La panadería de la otra esquina no podría ser más pintorescamente esperpéntica. La señora que la atiende se empeña en saludarme alternando aleatoriamente siempre un vocativo diferente: majo, precioso, hermoso —acá y en la anterior la «s» parece pronunciada como si fuera doble—, guapo, cariño, niño, mozo. Sus hijas, guapíssimas ellas también, le hablan en catalán y ella, portadora de un aplastante acento andaluz, les contesta en castellano siempre con un tono de voz ligeramente más elevado. Las hijas no me dirigen vocativos. Pero me sonríen. El marido tiene cero onda pero me fía siempre los centavos que me faltan cuando llego sistemáticamente tarde al trabajo y desayuno sus diminutos
croissants antes de «coger el metro». En la estación de la línea azul, hay un kiosco en donde se puede conseguir latitas de Guaraná Antártica y alfajores Havanna de dulce de leche.

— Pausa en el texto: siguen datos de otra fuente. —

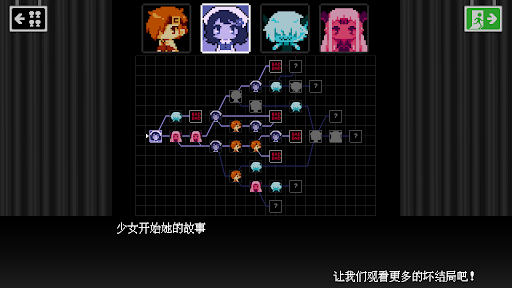 坏结局剧院截图4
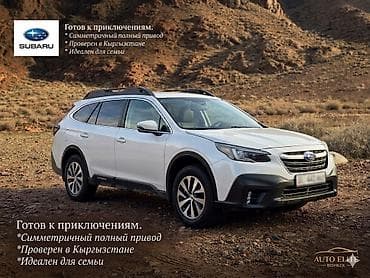 электрический мото: Subaru Outback: 2020 г., 2.5 л, Вариатор, Бензин, Универсал — 1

Por las noches, cuando no hay ganas de cocinar y nos cansamos de deambular por el centro, terminamos muy frecuentemente en un bar de tapas de barrio, que está abajo de nuestro edificio, y que decidimos bautizar como «El zamorano». El lugar es ya para nosotros toda una Institución. O un Templo, donde nunca nos ponemos de acuerdo ni en política ni en literatura. El encargado nos atiende siempre como si fuéramos unos
dandees. Su cara, sus facciones, su mirada, su sonrisa, el tono de su piel, me recuerdan muchísimo a G., un amigo de La Tablada con quien trabajé por primera vez, hace unos seis años, en un local de Informática que todavía está en Ramos Mejía. Hace mucho que no lo veo. A un lado de la Rambla se ve allá arriba el Tibidabo que aún no conocí —algo vergonzoso teniendo en cuenta que visité dos veces su equivalente modélico
Sacré-Cœur parisino—. Al otro lado se ve la Gran Vía, donde está mi facultad, sólo que a cuarenta minutos caminando, en un barrio que ya no es Sants.